Illustration - TTIP : Les dégâts de l’arbitrage privé contre les Etats

« En 2012, le nombre de différends entre investisseurs et États soumis à l’arbitrage international a battu un nouveau record, montrant une nouvelle fois la nécessité d’engager un débat public sur l’efficacité de ce mécanisme et la manière de le réformer » , prévient la Conférence des Nations unies sur le commerce et le développement (Cnuced), dans un rapport publié en avril 2013. 518 différends investisseur-État ont été recensés en 2012, impliquant des millions de dollars et sapant, dans de nombreux cas, des politiques démocratiques.
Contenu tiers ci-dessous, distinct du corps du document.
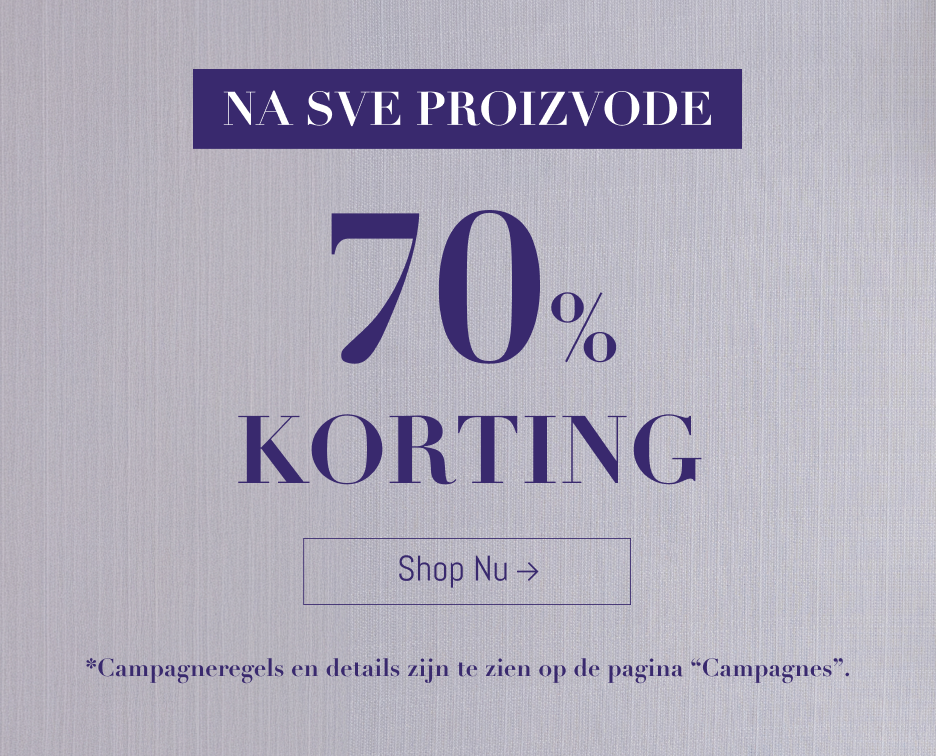 70% Korting op Alle Producten!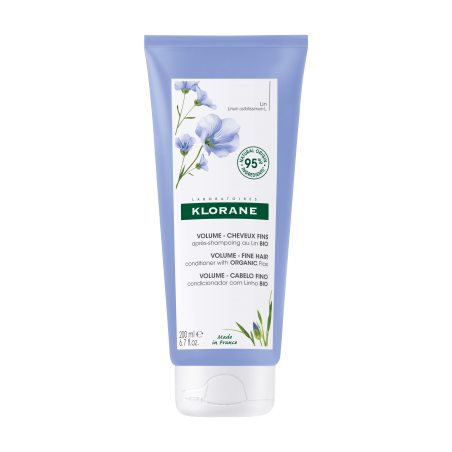 Klorane Balsamo Volumizzante Alle Fibre Di Lino 200 Ml Klorane - 1 Klorane Balsamo Volumizzante Alle Fibre Di Lino 200 Ml Klorane - 1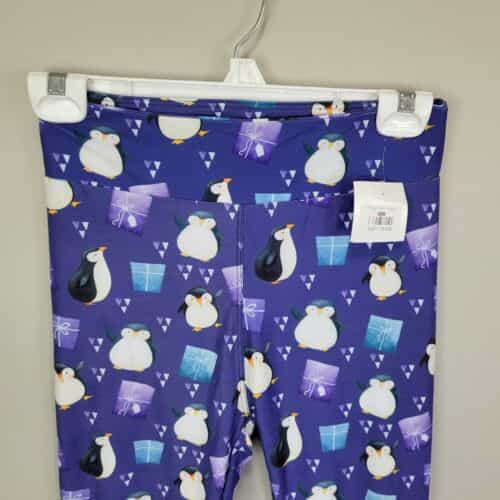 purple-penguin-jam-polyester-spandex-ankle-leggings-one-size-fits-all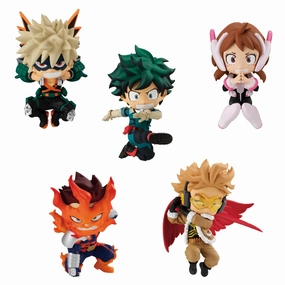 Fantasy Collectible "My Hero Academia" Adverge Motion Set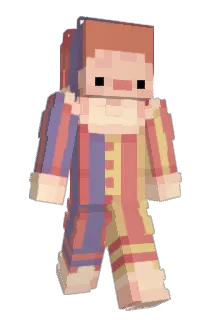 CheeseQuavers Minecraft avatar full body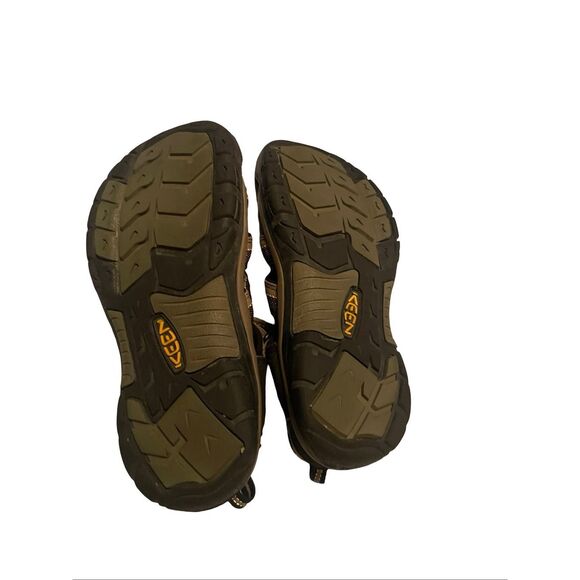 Keen Mens Brown Tan Newport H2 Waterproof Outdoor Hiking Sport Sandals Size 5 main image 6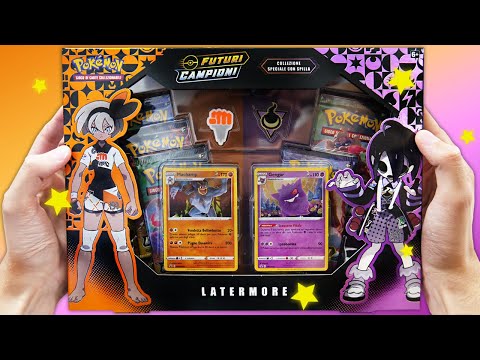 APRO LA NUOVA COLLEZIONE DI GENGAR E MACHAMP! - Pokémon TCG Collezione Spilla Palestra di Latermore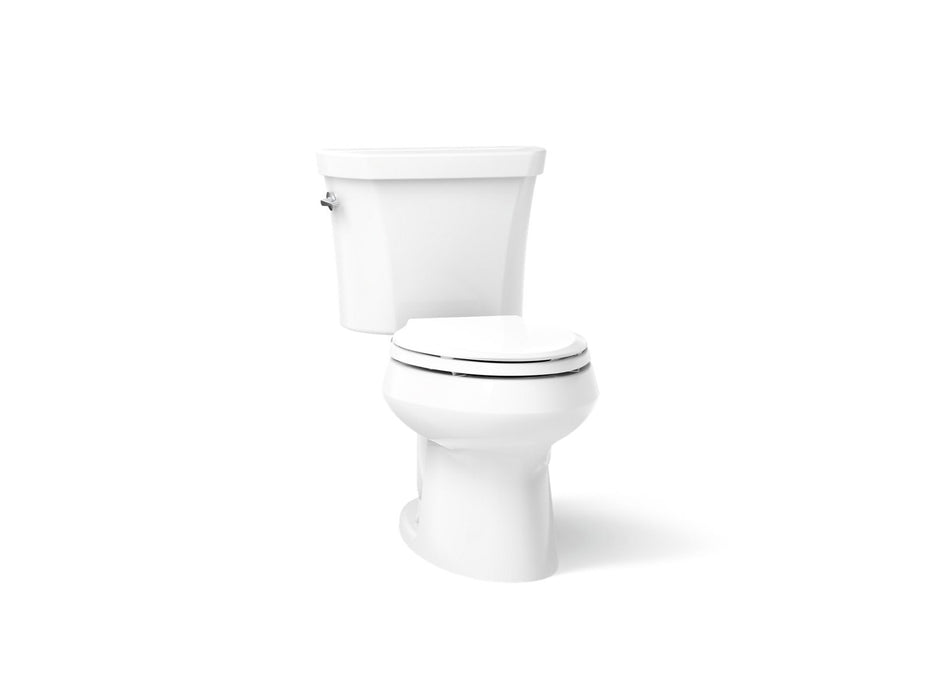 KOHLER K-3988-RA Wellworth Two-piece elongated toilet, dual-flush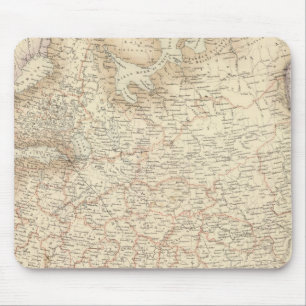Mousepad Rússia e Europa
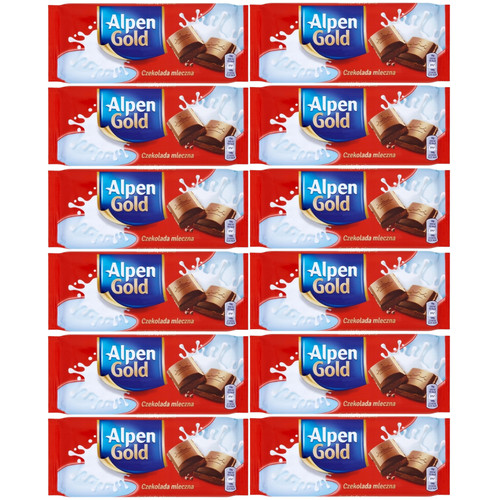 Alpen gold czekolada mleczna - gold,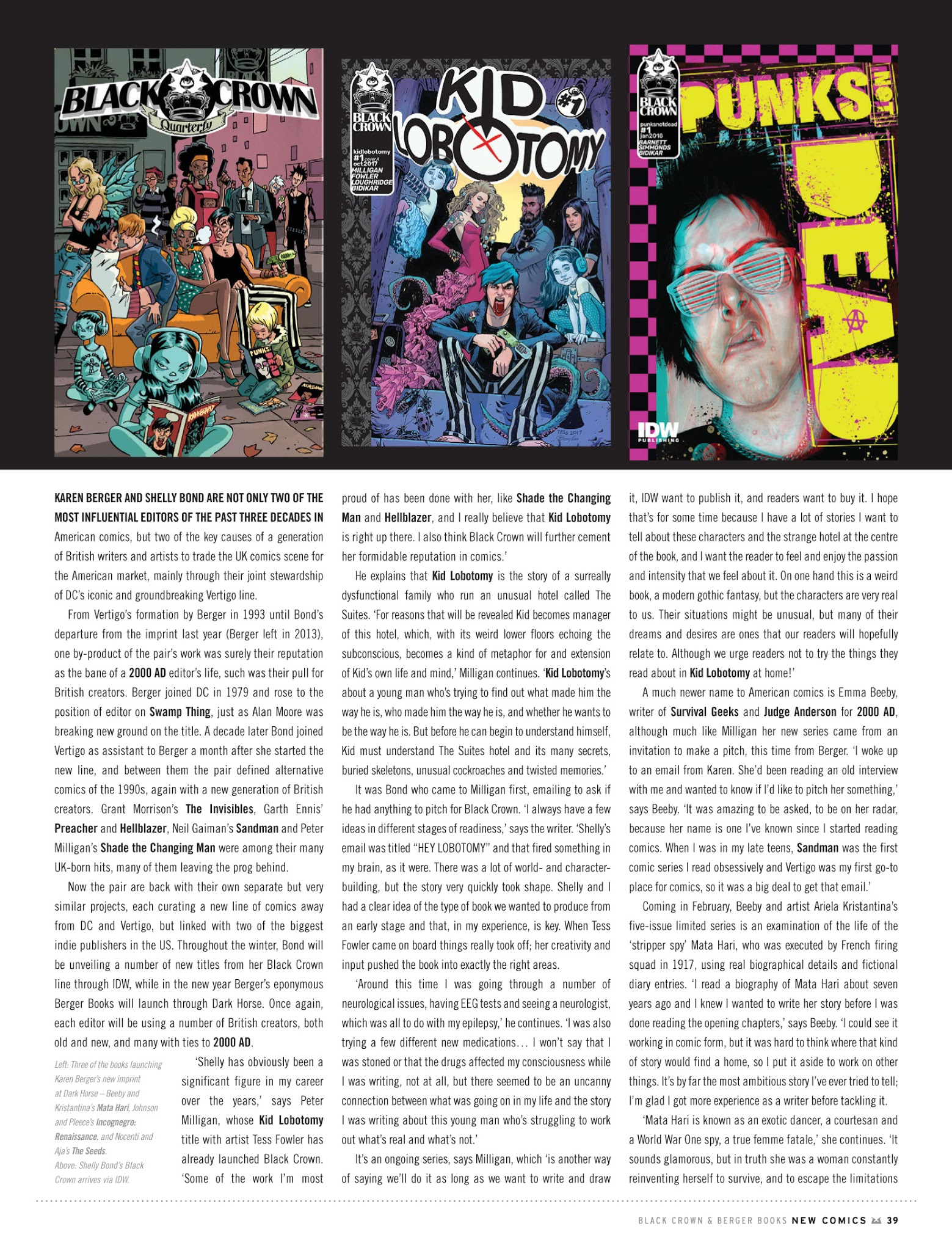 Read online Judge Dredd Megazine (Vol. 5) comic -  Issue #390 - 39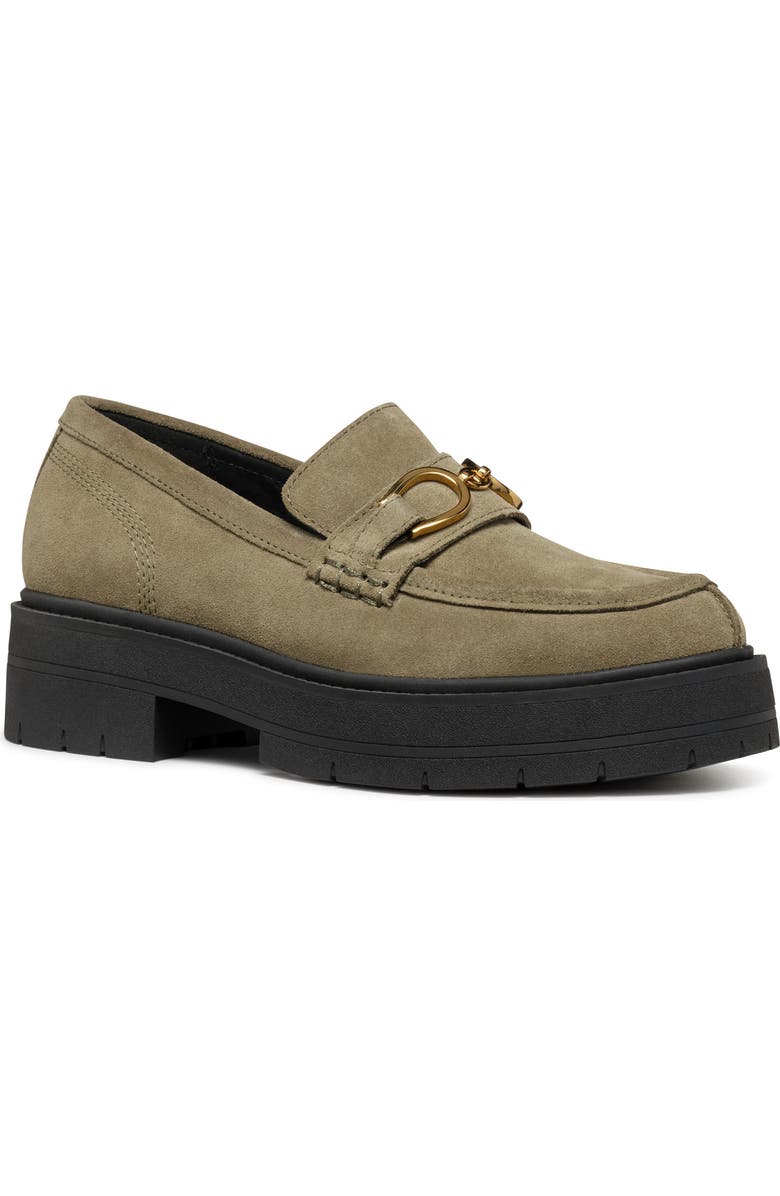 Geox Spherica Platform Bit Loafer, Main, color,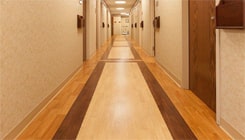 Heterogeneous Vinyl Flooring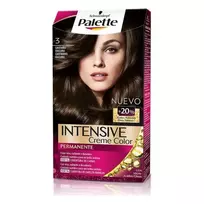 Ilgalaikiai dažai Palette Schwarzkopf Tamsiai kaštoninis N 3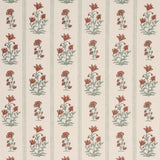 Schumacher Ellora Hand-Print Spice Fabric
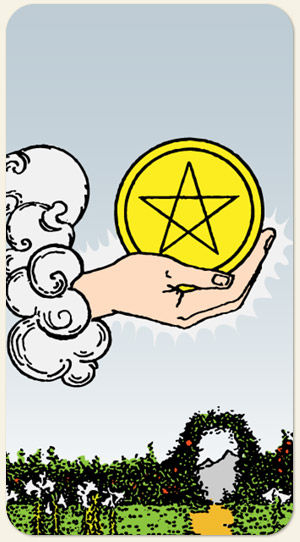 TAROT DECISIONES LABORALES AS DE OROS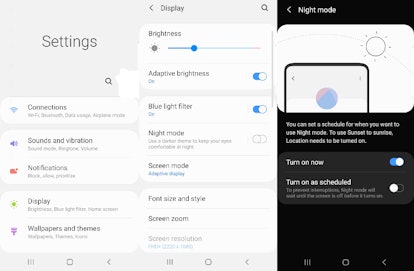 How to get Instagram Dark Mode with Android 9, so you can keep scrolling.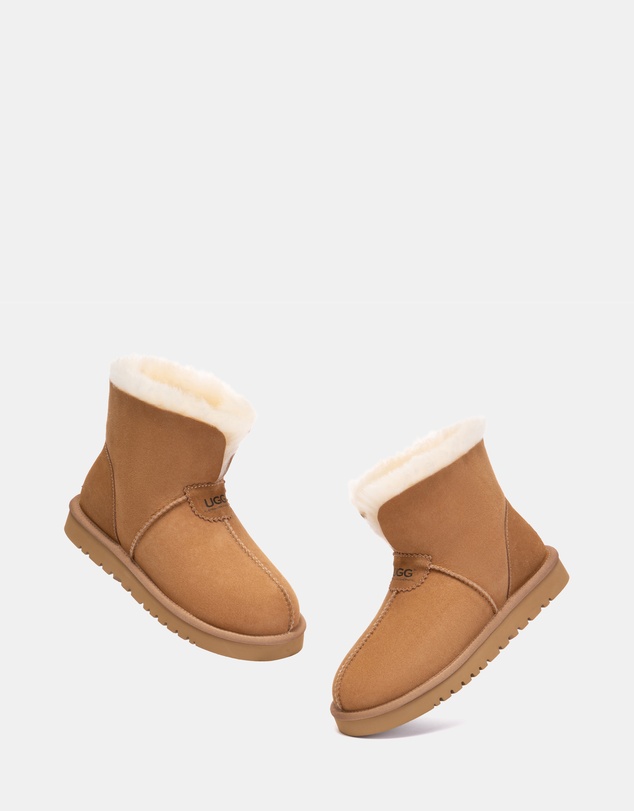 EVERAU - Australian Shepherd Ugg Heston Double Faced Sheepskin Upper UGG Boots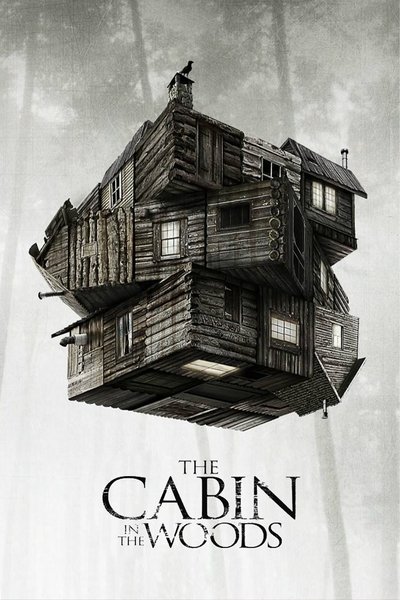 Poster for the movie The Cabin in the Woods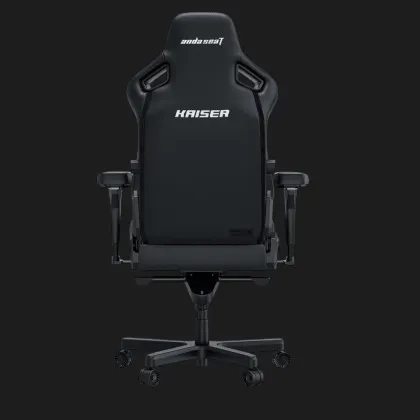 Кресло игровое Anda Seat Kaiser 4 Size L (Black) (UA) Ивано-Франковске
« Il s’agit en fait de créer un marché commun qui sera soumis à un organe d’arbitrage contraignant sur le modèle de l’Organe de règlement des différends de l’OMC. Un pas de géant sera franchi vers la dépossession de notre destin, un recul de plus, considérable, de la démocratie, dont ne profiteront que les firmes américano-européennes. C’est la fin de tout espoir d’une Europe européenne » , explique Raoul Marc Jennar [^2], spécialiste des accords commerciaux internationaux, consultant au Parlement européen auprès de la Gauche Unitaire Européenne (GUE), de 2005 à 2007.

[^2]: Ce spécialiste des questions européennes et du droit de l’Organisation mondiale du commerce a publié Le Grand marché transatlantique : la menace sur les peuples d’Europe, Cap Béar Editions, 2014.